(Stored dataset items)
%%

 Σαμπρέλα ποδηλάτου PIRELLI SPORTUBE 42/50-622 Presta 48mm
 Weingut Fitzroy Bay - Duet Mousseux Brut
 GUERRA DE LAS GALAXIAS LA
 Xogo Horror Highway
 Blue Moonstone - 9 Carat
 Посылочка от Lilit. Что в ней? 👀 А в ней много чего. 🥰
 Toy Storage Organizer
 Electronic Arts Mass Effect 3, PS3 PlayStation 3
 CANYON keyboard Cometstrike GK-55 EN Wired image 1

%%

PROBLEM
The records above are to be copied in full, exactly as written.

RESULT
 Σαμπρέλα ποδηλάτου PIRELLI SPORTUBE 42/50-622 Presta 48mm
 Weingut Fitzroy Bay - Duet Mousseux Brut
 GUERRA DE LAS GALAXIAS LA
 Xogo Horror Highway
 Blue Moonstone - 9 Carat
 Посылочка от Lilit. Что в ней? 👀 А в ней много чего. 🥰
 Toy Storage Organizer
 Electronic Arts Mass Effect 3, PS3 PlayStation 3
 CANYON keyboard Cometstrike GK-55 EN Wired image 1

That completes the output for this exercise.